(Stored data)
Start of Block

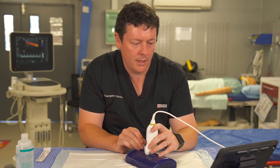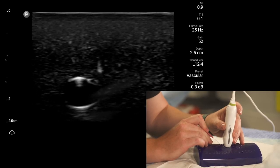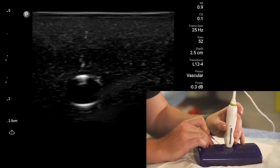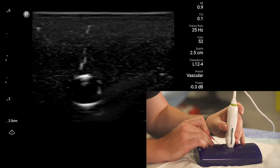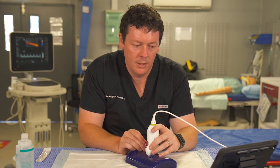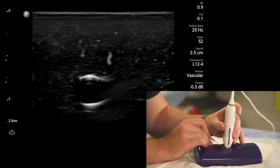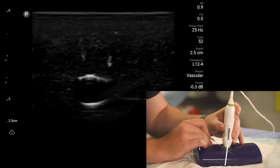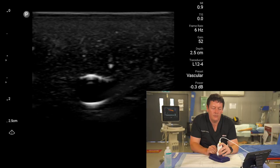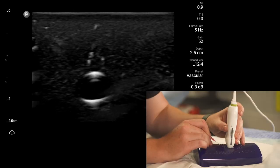The key points: quick through the skin, find your needle tip, then — probe forward, needle forward — follow the tip the whole way to your target. An important warning: the ultrasound beam cuts through the middle of the needle and can look like the tip. If you're seeing that, you might think you're not in the vessel yet when actually the needle is already much deeper. Always make sure you are tracking the true needle tip.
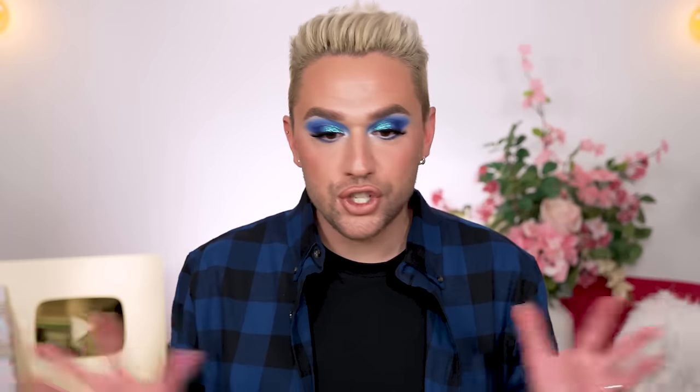Lady Gaga says: 'Hi everybody, this is Lady Gaga and I'm so excited for you to get ready with me. We are going to do a full face of House Labs today.' She is so wild to me — makeup completely changes her face. She's stunning without it, but she's the prime example of the power of makeup.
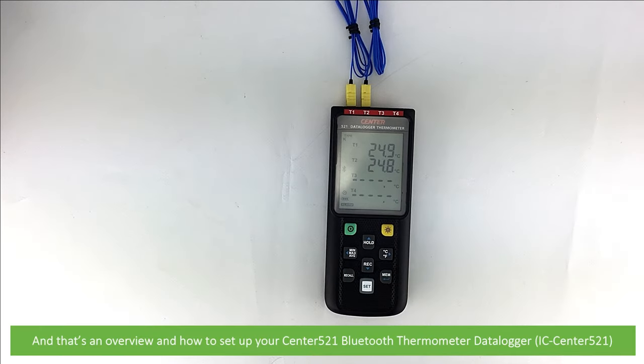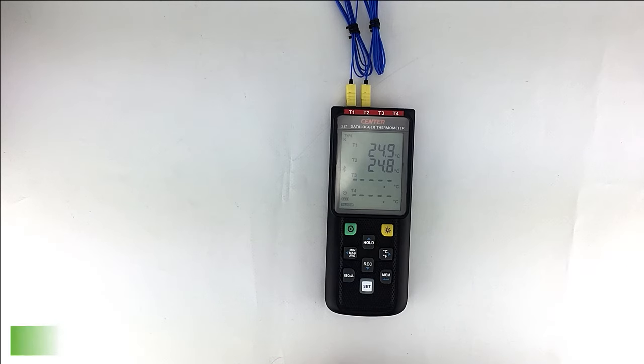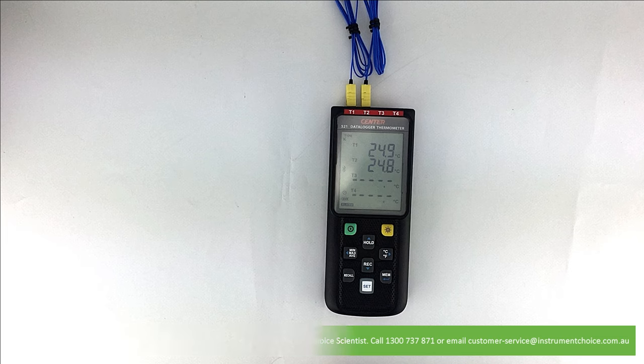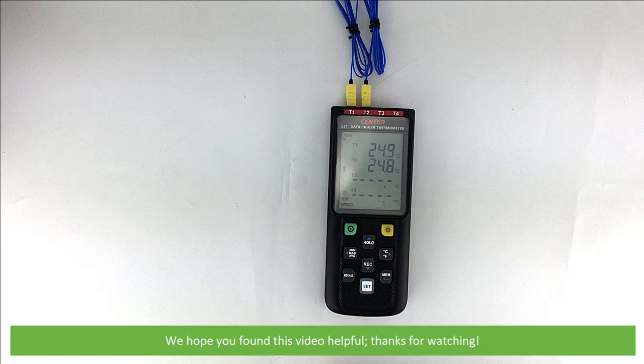And that's an overview on how to set up your Center 521 Bluetooth Thermometer Data Logger. For more information on this thermometer data logger, speak with an Instrument Choice scientist. Call 1300 737 871 or email customer-service at instrumentchoice.com.au. We hope that you found this video helpful. Thanks for watching.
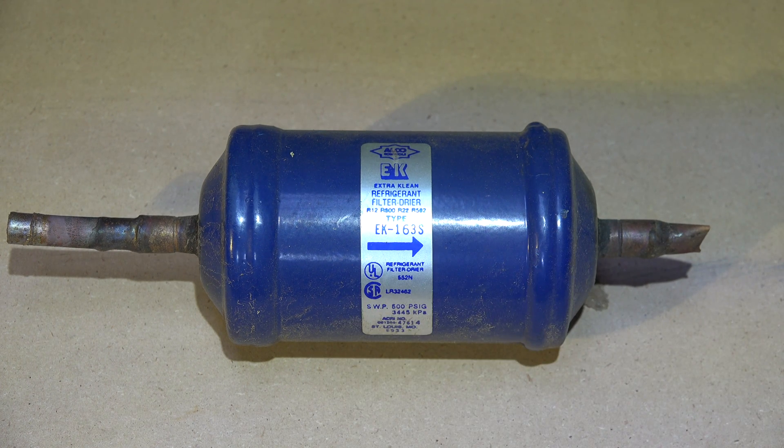This is fairly universal — every time I say that, someone tells me it isn't, but I think it's even true on suction line dryers too. They do the same thing. You're mostly looking at that '163'-style number, and that gives you an idea of what size dryer you need for your application.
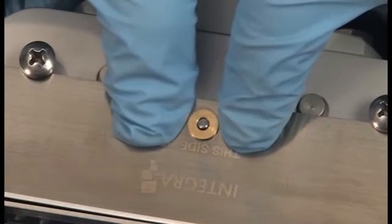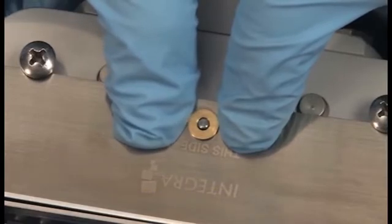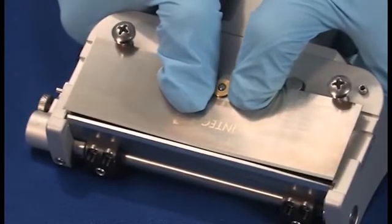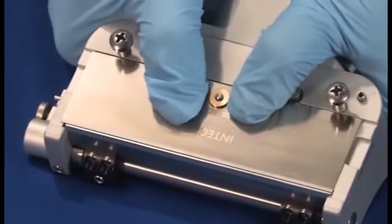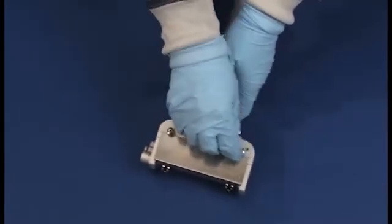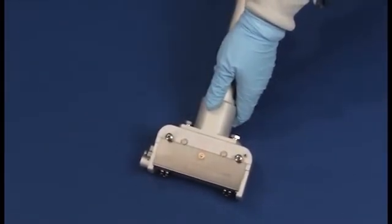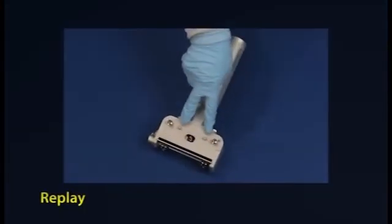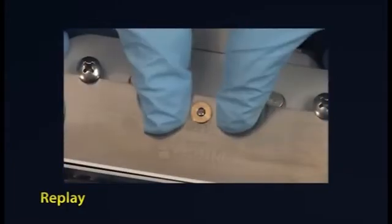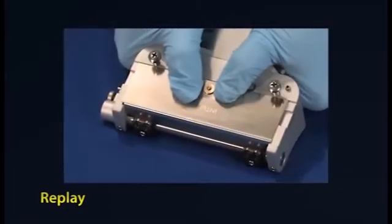Once you have the pin centered in the blade, continue pushing down to keep the pin centered. As you do this, push forward, allowing the blade to slide off the rear pegs and click into place. Once the blade clicks into place, apply a thin coat of mineral oil to the side that reads Integra. If at any point during the installation you are having difficulty, return to the starting position and begin again.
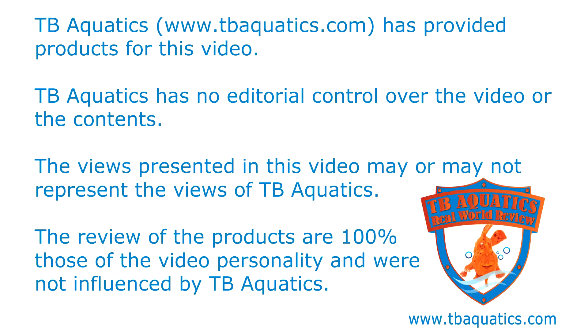Welcome to a TB Aquatics real-world review. TB Aquatics has provided products for this video but has no editorial control over the video or its contents. The views presented may or may not represent the views of TB Aquatics, and the product reviews are 100% those of the video personality and were not influenced by TB Aquatics.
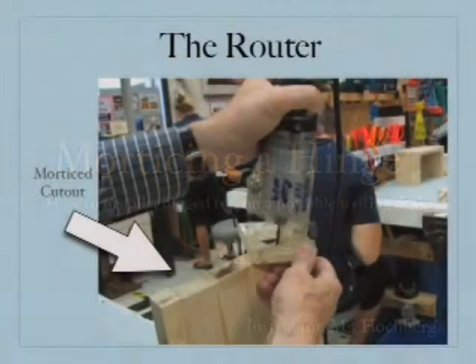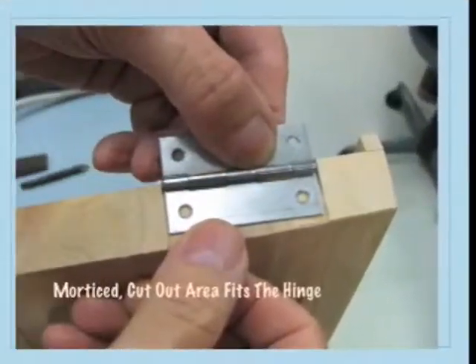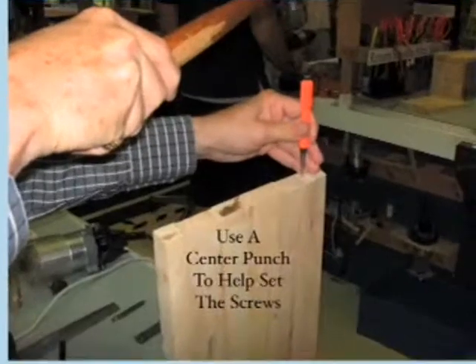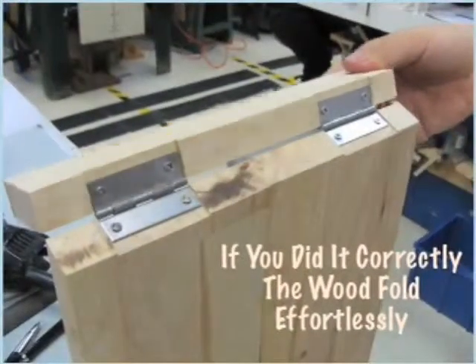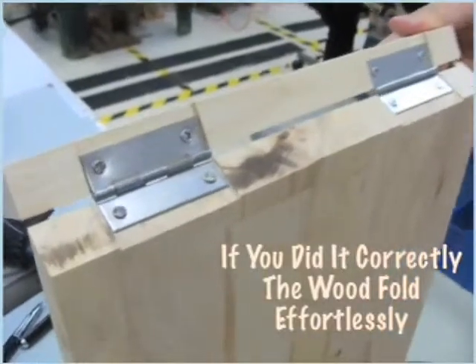Morticing a hinge means to put a hinge into the edge of wood using a router or a chisel, so the surface of the hinge is hidden away in the edge of the wood. You use a center punch to mark out the holes so screws go in in perfect alignment, allowing the panel to fold perfectly, leaving an area where the hinge is hidden away.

End of Block

**WORK INSTRUCTIONS**
The lines to copy run from the line containing "This is fairly" through the end of the data above; copy exactly those, minus the pictures.

**RESPONSE BELOW**
This is fairly universal — every time I say that, someone tells me it isn't, but I think it's even true on suction line dryers too. They do the same thing. You're mostly looking at that '163'-style number, and that gives you an idea of what size dryer you need for your application.
Once you have the pin centered in the blade, continue pushing down to keep the pin centered. As you do this, push forward, allowing the blade to slide off the rear pegs and click into place. Once the blade clicks into place, apply a thin coat of mineral oil to the side that reads Integra. If at any point during the installation you are having difficulty, return to the starting position and begin again.
Welcome to a TB Aquatics real-world review. TB Aquatics has provided products for this video but has no editorial control over the video or its contents. The views presented may or may not represent the views of TB Aquatics, and the product reviews are 100% those of the video personality and were not influenced by TB Aquatics.
Morticing a hinge means to put a hinge into the edge of wood using a router or a chisel, so the surface of the hinge is hidden away in the edge of the wood. You use a center punch to mark out the holes so screws go in in perfect alignment, allowing the panel to fold perfectly, leaving an area where the hinge is hidden away.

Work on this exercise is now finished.